L’Autore parte dalla considerazione statistica che abbiamo milioni di disoccupati che potrebbero (quanto meno oltre un milione) trovare un posto di lavoro se solo il nostro sistema di informazione ed orientamento fosse adeguato.

I nostri servizi di orientamento professionale e di formazione, che possono rendere i lavoratori capaci di rispondere alle esigenze delle imprese di personale qualificato, sono praticamente inefficienti.

Nei paesi dell’Unione (vedi Danimarca) il Job Advisor è figura essenziale nel mercato del lavoro: e non è improvvisato come i nostri navigators.

Dopo la laurea, è tenuto a seguire un master triennale che gli insegna come seguire i trend dei bisogni delle imprese quanto all’occupazione al fine di far incontrare le reciproche domande.

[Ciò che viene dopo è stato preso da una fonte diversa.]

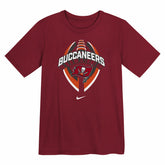 Tampa Bay Buccaneers Preschool Icon Legend Dri-FIT T-Shirt - Red | Nike sale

Nelle città più grandi del Paese (ripetesi Danimarca, ed U.K ad esempio) si trovano nelle piazze principali degli Work Spot in cui i Job Advisors sono quotidianamente a disposizione di chi cerca un lavoro.

Ovviamente la ricerca può richiedere un giorno come più giorni a seconda delle reciproche esigenze: si aggiunga che, se il disoccupato fosse disposto ad imparare il mestiere per cui c’è ricerca, il Job Advisor lo mette in contatto con l’azienda la quale gli offre (lei stessa) un corso di formazione al suo interno per “educarlo” alla prestazione (una specie del nostro apprendistato con la diversità che alla fine del corso che può durare dai 6 mesi ad un anno il lavoratore è subito assunto full time).

L’altro tema, il più rivoluzionario del libro, è quello per cui dovrà essere il lavoratore ad ingaggiare il “suo” datore e non l’opposto come avviene oggi.

I lavoratori dovranno essere addestrati ad avere una particolare capacità di conoscenze e capire in tutti i suoi aspetti il mercato del lavoro in modo da poterlo utilizzare a proprio vantaggio.

Da qui deriva l’altra conseguenza, ovvero la nuova funzione del Sindacato, che, rinunciato il suo preminente ruolo di antagonista dell’imprenditore, dovrà diventare “l’intelligenza collettiva dei lavoratori” nel senso, appunto, di collaborare con gli stessi lavoratori e con le imprese per trovare l’ottimizzazione delle risorse professionali tali da trarre il miglior impiego per gli uni e per le altre.

Un sindacato, quindi, che abbandona la logica della classica contrapposizione di stampo marxista per arrivare alla intermediazione più “intelligente” nel rapporto lavoro risorse umane-capitale.

In questo senso, dice Ichino, la forza del lavoro non è più mera offerta di energie psico-fisiche, ma è essa stessa un “capitale” nel vero senso economico della parola da reinventare nelle relazioni industriali della nuova era tecnologica: insomma un Sindacato 4.0.

A questo riguardo, Ichino rimane favorevole al pluralismo sindacale proprio al fine di incentivare, fra le varie sigle, quella concorrenza ad una maggiore manifestazione di implementazione dell’intelligenza collettiva che rafforzi innanzitutto il capitale–umano in modo da realizzare insieme al capitale-finanziario la migliore e più efficiente impresa.

Insomma, per concludere, l’intelligenza prima di tutto !!

Ed è per questo che concludiamo come abbiamo iniziato: utopia o profezia ?

Non possiamo che augurarci la seconda per il progresso economico del nostro Paese, che passa inevitabilmente nell’ottimizzazione delle relazioni industriali, sempre così difficili negli ultimi settant’anni della nostra storia.